▸ **Exercise prompt**: Copy out, word for word, the lines from the start of the data below through the line containing "image for item", and no others.

▸ **Extracted data**:
═══

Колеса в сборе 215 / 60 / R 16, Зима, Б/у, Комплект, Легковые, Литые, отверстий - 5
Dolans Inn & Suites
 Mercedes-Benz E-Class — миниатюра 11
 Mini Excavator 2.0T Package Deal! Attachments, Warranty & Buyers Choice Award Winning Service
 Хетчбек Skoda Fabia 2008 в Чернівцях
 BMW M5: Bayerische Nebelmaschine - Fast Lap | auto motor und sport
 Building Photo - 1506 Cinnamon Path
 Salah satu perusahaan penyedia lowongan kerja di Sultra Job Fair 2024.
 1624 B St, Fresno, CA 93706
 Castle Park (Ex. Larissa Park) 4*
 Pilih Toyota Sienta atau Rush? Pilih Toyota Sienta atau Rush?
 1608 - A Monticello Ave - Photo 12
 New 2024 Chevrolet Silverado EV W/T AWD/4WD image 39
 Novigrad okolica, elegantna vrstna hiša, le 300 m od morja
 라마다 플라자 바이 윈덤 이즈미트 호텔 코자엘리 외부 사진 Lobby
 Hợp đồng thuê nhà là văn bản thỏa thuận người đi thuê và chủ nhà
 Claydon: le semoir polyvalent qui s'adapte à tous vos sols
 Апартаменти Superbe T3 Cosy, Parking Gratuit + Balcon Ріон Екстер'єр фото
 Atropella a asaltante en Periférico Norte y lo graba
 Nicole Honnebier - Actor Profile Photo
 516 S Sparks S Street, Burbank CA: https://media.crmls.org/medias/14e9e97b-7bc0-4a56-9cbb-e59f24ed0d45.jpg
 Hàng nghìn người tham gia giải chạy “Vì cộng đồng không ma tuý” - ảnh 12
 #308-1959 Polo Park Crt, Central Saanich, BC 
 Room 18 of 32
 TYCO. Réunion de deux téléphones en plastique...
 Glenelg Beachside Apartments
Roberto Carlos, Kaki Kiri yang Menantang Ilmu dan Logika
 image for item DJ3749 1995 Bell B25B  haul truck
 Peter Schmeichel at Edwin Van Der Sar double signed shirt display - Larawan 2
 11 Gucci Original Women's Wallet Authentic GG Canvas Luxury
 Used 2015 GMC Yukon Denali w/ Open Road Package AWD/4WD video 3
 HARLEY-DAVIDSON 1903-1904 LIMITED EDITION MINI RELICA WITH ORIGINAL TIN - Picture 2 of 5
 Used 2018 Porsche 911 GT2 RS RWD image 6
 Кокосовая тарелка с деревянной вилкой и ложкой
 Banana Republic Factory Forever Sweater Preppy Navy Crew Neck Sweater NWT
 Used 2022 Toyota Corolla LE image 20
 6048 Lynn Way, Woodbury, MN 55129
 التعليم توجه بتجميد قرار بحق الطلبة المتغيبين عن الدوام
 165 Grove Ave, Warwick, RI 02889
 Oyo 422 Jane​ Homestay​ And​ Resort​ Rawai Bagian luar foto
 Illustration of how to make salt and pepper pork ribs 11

═══

▸ **Answer box**:
Колеса в сборе 215 / 60 / R 16, Зима, Б/у, Комплект, Легковые, Литые, отверстий - 5
Dolans Inn & Suites
 Mercedes-Benz E-Class — миниатюра 11
 Mini Excavator 2.0T Package Deal! Attachments, Warranty & Buyers Choice Award Winning Service
 Хетчбек Skoda Fabia 2008 в Чернівцях
 BMW M5: Bayerische Nebelmaschine - Fast Lap | auto motor und sport
 Building Photo - 1506 Cinnamon Path
 Salah satu perusahaan penyedia lowongan kerja di Sultra Job Fair 2024.
 1624 B St, Fresno, CA 93706
 Castle Park (Ex. Larissa Park) 4*
 Pilih Toyota Sienta atau Rush? Pilih Toyota Sienta atau Rush?
 1608 - A Monticello Ave - Photo 12
 New 2024 Chevrolet Silverado EV W/T AWD/4WD image 39
 Novigrad okolica, elegantna vrstna hiša, le 300 m od morja
 라마다 플라자 바이 윈덤 이즈미트 호텔 코자엘리 외부 사진 Lobby
 Hợp đồng thuê nhà là văn bản thỏa thuận người đi thuê và chủ nhà
 Claydon: le semoir polyvalent qui s'adapte à tous vos sols
 Апартаменти Superbe T3 Cosy, Parking Gratuit + Balcon Ріон Екстер'єр фото
 Atropella a asaltante en Periférico Norte y lo graba
 Nicole Honnebier - Actor Profile Photo
 516 S Sparks S Street, Burbank CA: https://media.crmls.org/medias/14e9e97b-7bc0-4a56-9cbb-e59f24ed0d45.jpg
 Hàng nghìn người tham gia giải chạy “Vì cộng đồng không ma tuý” - ảnh 12
 #308-1959 Polo Park Crt, Central Saanich, BC 
 Room 18 of 32
 TYCO. Réunion de deux téléphones en plastique...
 Glenelg Beachside Apartments
Roberto Carlos, Kaki Kiri yang Menantang Ilmu dan Logika
 image for item DJ3749 1995 Bell B25B  haul truck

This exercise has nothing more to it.